Challenges to the Rectal Exam

Patients may feel uncomfortable or embarrassed by having a rectal exam, but most do not and if well prepared will readily accept this important procedure.  Providers need to properly learn these techniques and when they are comfortable and competent with the exam; the patient is more accepting and proper diagnoses can be made.  Patients should be assured that the exam will only last a couple of minutes. Patients are more willing to be examined if they feel that their provider is experienced in the exam.  Medical schools, residencies and fellowships must continue to teach and encourage others to practice these vital hands-on skills, for the benefit of patients whose diagnosis may otherwise be missed.

Figure 1a. As shown above, in position 1 the finger is inserted into the anal canal to feel the strength or tone of the external sphincter by asking the patient to squeeze.


Figure 1b. Next the finger is inserted deeper to just above the puborectalis muscle which is felt posteriorly in the rectum as a ridge. This muscle will tighten and push toward the finger when the patient is asked to squeeze.

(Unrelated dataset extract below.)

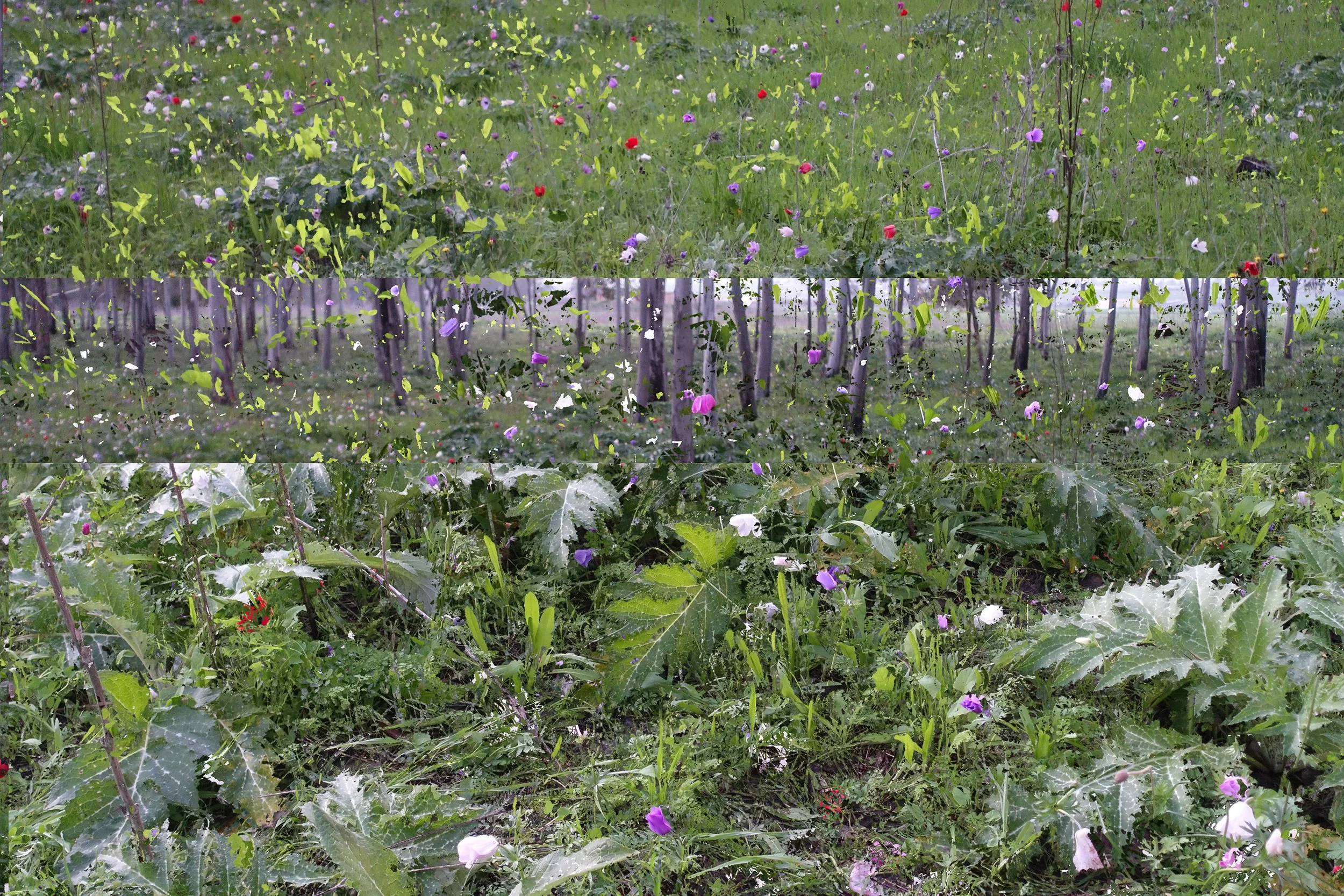 Anemone Field Divided small.jpg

Figure 1c. Then expulsion is tested by asking the patient to relax the pelvic floor while pushing down from the abdomen to simulate defecation. When done properly the anorectal angle widens as the puborectalis relaxes. With dyssynergic defecation the angle does not widen or becomes more acute as the levator contracts. This is diagnostic for dyssynergic defecation and can be treated by pelvic floor training during the clinic visit or with biofeedback using a rectal probe device.


Reference List
  1. Wong RK, Drossman DA, Bharucha AE, Rao SS, Wald A, Morris CB, Oxentenko AS, Van Handel DM, Edwards H, Hu Y, Bangdiwala S. The digital rectal exam: A multicenter survey of physician and students’ perceptions and practice patterns. Am J Gastroenterol 2012;107:1157-1163.
  2. Talley NJ. How to do and interpret a rectal examination in gastroenterology. Am J Gastroenterol 2008;103:820-822.
  3. Rao SS, Valestin J, Brown CK, Zimmerman B, Schulze K. Long-term efficacy of biofeedback therapy for dyssynergic defecation: Randomized controlled trial. Am J Gastroenterol 2010;105:890-896.